VII. Bain chaud
Cela faisait des lustres que Cassandre n'avait pas pris un bain. Son studio de centre-ville ne disposait que d'une étroite cabine de douche. La maison dans laquelle elle avait vécu avec ses parents depuis l'accident n'était pas non plus pourvue du confort d'une baignoire. Les baignoires, c'était dangereux, avait pour habitude de répéter sa mère. On avait si tôt fait d'y déraper. C'était arrivé à Cassandre, une fois, et elle s'était fait un sang d'encre.
La jeune femme, qui ne se rappelait évidemment pas avoir jamais glissé dans son bain, sentait pourtant que cette anecdote relevait du mensonge. Si ce n'en était pas un, du moins, la mésaventure relatée par sa mère avait dû être sacrément amplifiée.
En laissant ses épaules couler dans l'eau tiède et en offrant sa nuque à la douceur éthérée de la mousse, Cassandre en acquit la certitude : l'inquiétude irrationnelle de sa mère cachait quelques fâcheuses circonstances. Elle en était la cause, non pas parce qu'elle avait dérapé, mais parce qu'elle avait souillé l'idée apaisante du bain d'une vision repoussante. Laquelle ? Elle se sentait tout près d'en percer le secret.
Les phalanges solidement refermées sur les rebords froids du bassin, comme par peur de sombrer dans des profondeurs insoupçonnées, Cassandre immergea son visage sous la surface mousseuse.
Les yeux clos, le souffle coupé et les lèvres serrées, elle sentait refluer en elle une mélancolie d'un autre temps. Elle se souvenait, non du contexte tragique qui l'avait poussée à une telle résolution, mais du mal-être corrosif qu'elle éprouvait alors. La scène se reconstituait dans son esprit avec une précision déconcertante.
Elle tenait exactement cette même position, à cela près que ses cheveux étaient plus courts et son pubis encore imberbe. Elle avait toujours eu un train de retard. Tandis que les flots stagnants du bain l'enveloppaient pour la soustraire peu à peu au collet asphyxiant du monde physique, ses narines expulsaient l'air par petites bulles. Rien ne la réjouissait tant que la perspective consolante de son trépas imminent. Il lui semblait qu'elle se liquéfiait dans l'eau du bain, à mesure que ses poignets béants mêlaient leur sève rouge à l'écume savonneuse. Elle entendait encore – rien qu'un écho lointain – le cri épouvanté de sa mère quand elle la découvrit à demi noyée dans son propre sang.
« Tu as glissé dans la baignoire, quand tu étais petite... ».
Cassandre explosa de rire en émergeant la tête ; un rire dément, incontrôlable. Comme ça sonnait plus convenable, un dérapage insignifiant ! Alors, c'était ainsi ? Personne n'avait jamais osé lui dire qu'elle avait tenté de mettre fin à ses jours. Personne n'avait voulu qu'elle sût à quel point sa vie terrestre lui importait peu.
Toutefois, cette vieille mélancolie, elle ne pouvait s'en rappeler la cause.

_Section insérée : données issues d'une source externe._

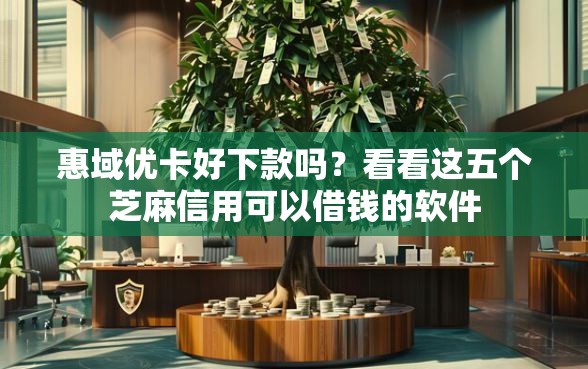 惠域优卡好下款吗？看看这五个芝麻信用可以借钱的软件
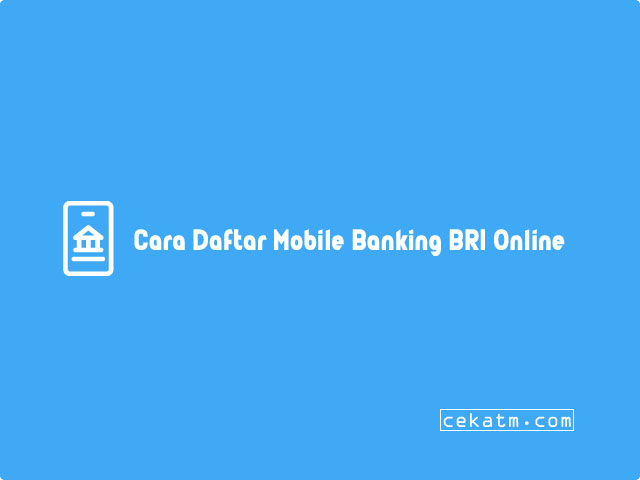 5 Cara Daftar Mobile Banking Bri Aktivasi Lewat Hp 2021 Cek Atm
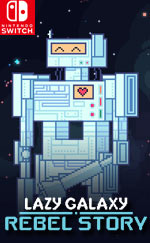 Lazy Galaxy: Rebel Story for Nintendo Switch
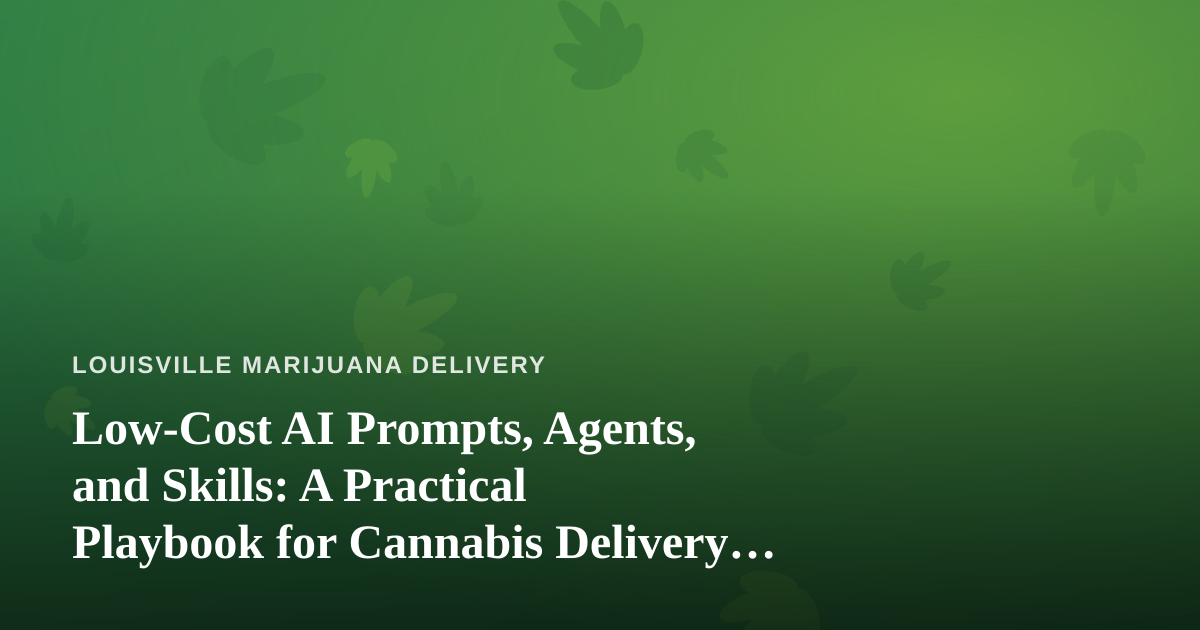 Low-Cost AI Prompts, Agents, and Skills: A Practical Playbook for Cannabis Delivery Operators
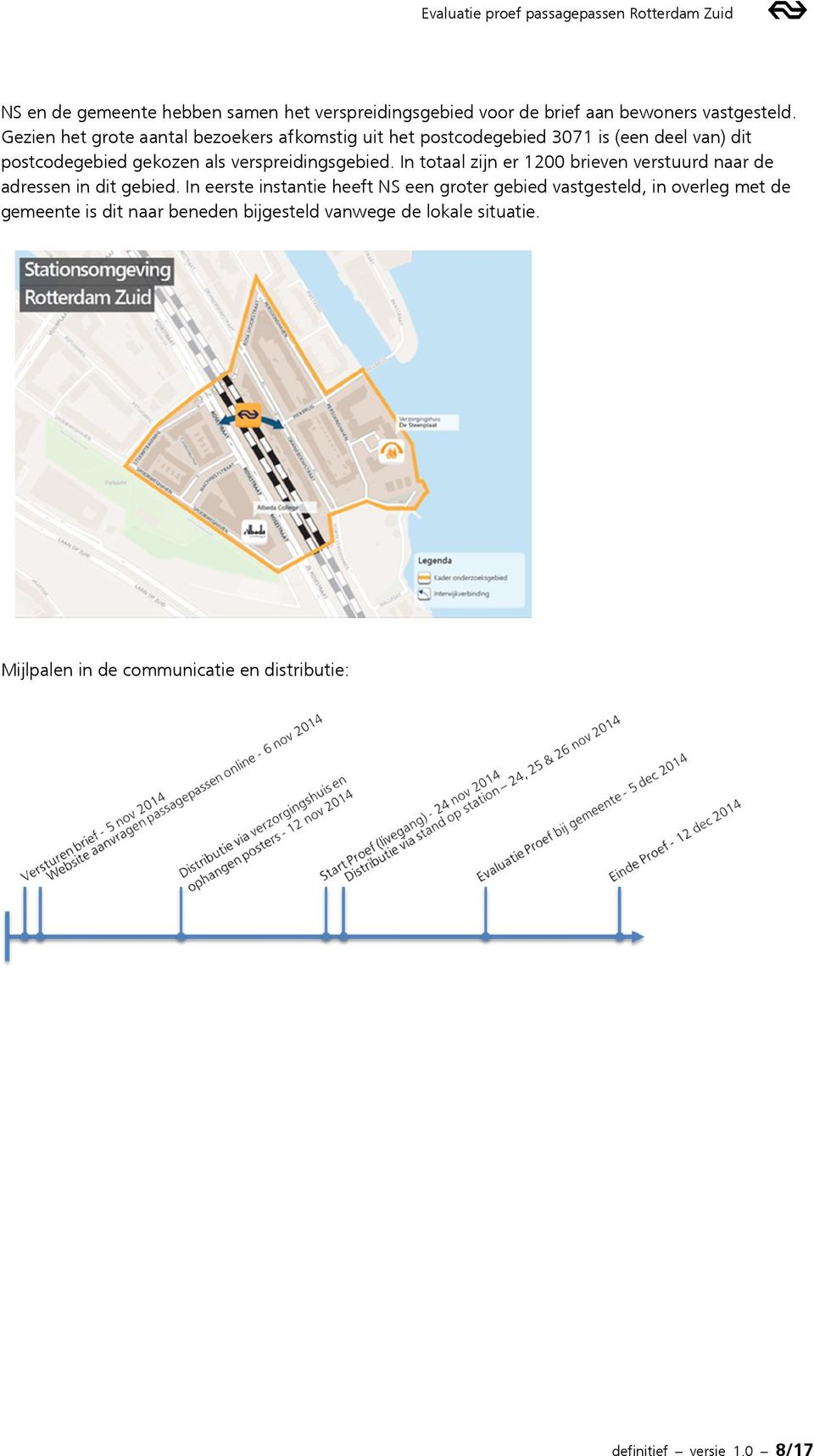 verspreidingsgebied. In totaal zijn er 1200 brieven verstuurd naar de adressen in dit gebied.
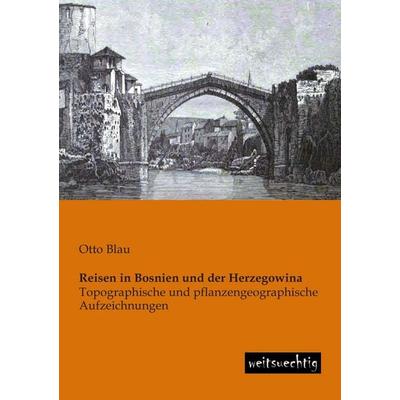Reisen in Bosnien und der Herzegowina, Taschenbuch von Otto Blau, Weitsuechtig, 978-3-943850-21-5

Pas plus qu'elle ne pouvait se remémorer les moments partagés avec sa chère Marjorie, ni même du rôle qu'avait tenu Cyrille.
– Le sucre, ça remonte toujours le moral. C'est ce qu'elle m'a dit un jour, je crois...
Cette scène-ci était floue. Elle se concentra autant qu'elle le put pour briser le cadenas bouclé sur sa mémoire. Elle focalisa toute son attention sur ses avant-bras, poussant le vice jusqu'à griffer l'un d'entre eux pour raviver la douleur de ses mutilations.
Elle avait encore les poignets bandés quand Cyrille s'était présentée à son chevet avec un sac de bonbons. Ne se connaissaient-elles vraiment pas plus étroitement ? Cassandre eut comme un doute, jusqu'à ce que se ranimât ce choc acide sur ses lèvres séchées : la brève réminiscence d'un baiser sucré.
Cassandre plongea le menton dans l'eau, sans pouvoir altérer son arrière-goût caustique.